Restate the whole listing below word for word and keep the images out.
(RAW DATA Opens)
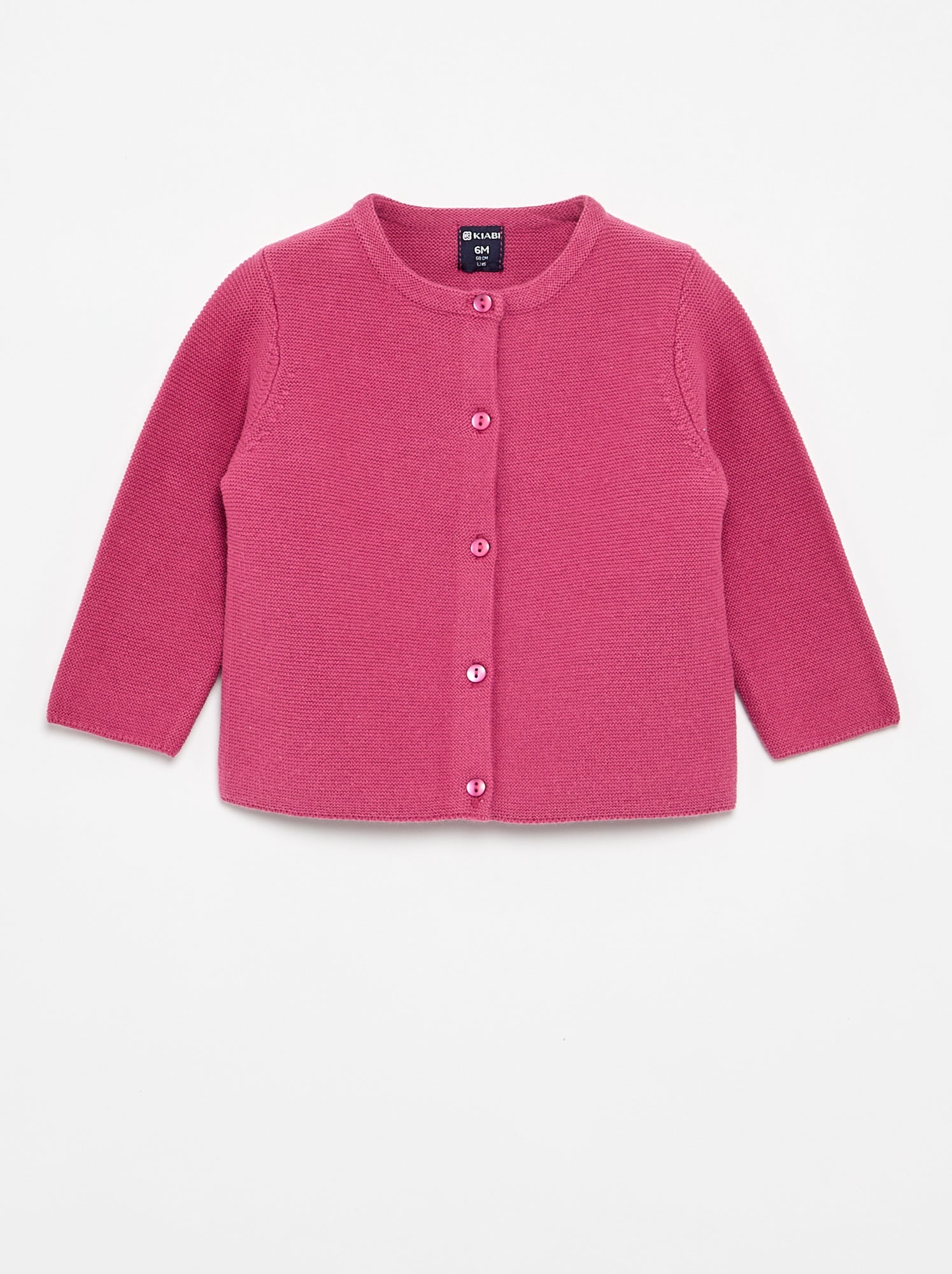 Gilet en maille fine jauge uni - Violet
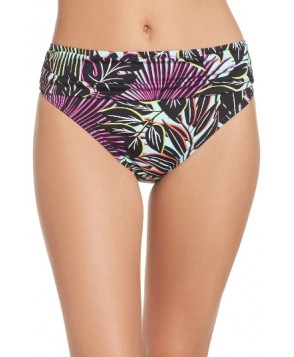 Tommy Bahama Lively Leaves High Waist Bikini Bottoms - Green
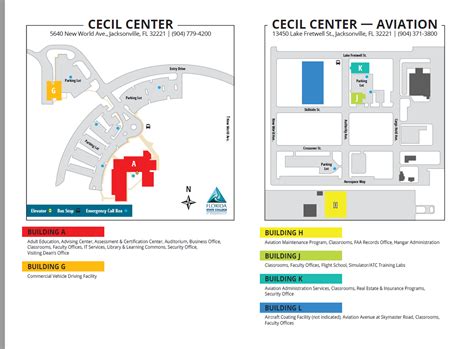 Fscj Cecil Campus Map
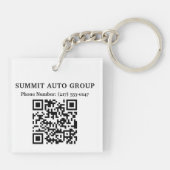 QR Code Autobedrijf of Autoreparatiewinkel Promoti Sleutelhanger (Achterkant)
(RAW DATA Closes)
TASK RESPONSE
 Gilet en maille fine jauge uni - Violet
 Tommy Bahama Lively Leaves High Waist Bikini Bottoms - Green
 Fscj Cecil Campus Map
 QR Code Autobedrijf of Autoreparatiewinkel Promoti Sleutelhanger (Achterkant)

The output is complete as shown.